▼

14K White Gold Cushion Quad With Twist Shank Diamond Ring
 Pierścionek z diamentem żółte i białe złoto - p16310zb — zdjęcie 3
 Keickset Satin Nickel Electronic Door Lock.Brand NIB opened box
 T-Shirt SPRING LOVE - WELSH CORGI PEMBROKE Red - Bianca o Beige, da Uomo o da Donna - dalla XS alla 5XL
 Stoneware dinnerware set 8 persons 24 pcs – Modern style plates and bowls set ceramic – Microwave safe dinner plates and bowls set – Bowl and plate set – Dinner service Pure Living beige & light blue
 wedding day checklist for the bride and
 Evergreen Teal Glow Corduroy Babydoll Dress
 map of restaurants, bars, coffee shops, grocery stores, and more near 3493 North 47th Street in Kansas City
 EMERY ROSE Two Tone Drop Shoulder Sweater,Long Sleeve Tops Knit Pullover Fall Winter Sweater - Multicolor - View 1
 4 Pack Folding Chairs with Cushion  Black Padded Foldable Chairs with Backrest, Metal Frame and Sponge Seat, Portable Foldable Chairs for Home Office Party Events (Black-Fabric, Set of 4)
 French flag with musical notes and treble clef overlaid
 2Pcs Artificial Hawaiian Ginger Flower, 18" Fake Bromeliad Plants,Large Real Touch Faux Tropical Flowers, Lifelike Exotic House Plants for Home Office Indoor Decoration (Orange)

▲

# WORK REQUEST
All records above must be set down exactly, please.

# EXERCISE RESULT
14K White Gold Cushion Quad With Twist Shank Diamond Ring
 Pierścionek z diamentem żółte i białe złoto - p16310zb — zdjęcie 3
 Keickset Satin Nickel Electronic Door Lock.Brand NIB opened box
 T-Shirt SPRING LOVE - WELSH CORGI PEMBROKE Red - Bianca o Beige, da Uomo o da Donna - dalla XS alla 5XL
 Stoneware dinnerware set 8 persons 24 pcs – Modern style plates and bowls set ceramic – Microwave safe dinner plates and bowls set – Bowl and plate set – Dinner service Pure Living beige & light blue
 wedding day checklist for the bride and
 Evergreen Teal Glow Corduroy Babydoll Dress
 map of restaurants, bars, coffee shops, grocery stores, and more near 3493 North 47th Street in Kansas City
 EMERY ROSE Two Tone Drop Shoulder Sweater,Long Sleeve Tops Knit Pullover Fall Winter Sweater - Multicolor - View 1
 4 Pack Folding Chairs with Cushion  Black Padded Foldable Chairs with Backrest, Metal Frame and Sponge Seat, Portable Foldable Chairs for Home Office Party Events (Black-Fabric, Set of 4)
 French flag with musical notes and treble clef overlaid
 2Pcs Artificial Hawaiian Ginger Flower, 18" Fake Bromeliad Plants,Large Real Touch Faux Tropical Flowers, Lifelike Exotic House Plants for Home Office Indoor Decoration (Orange)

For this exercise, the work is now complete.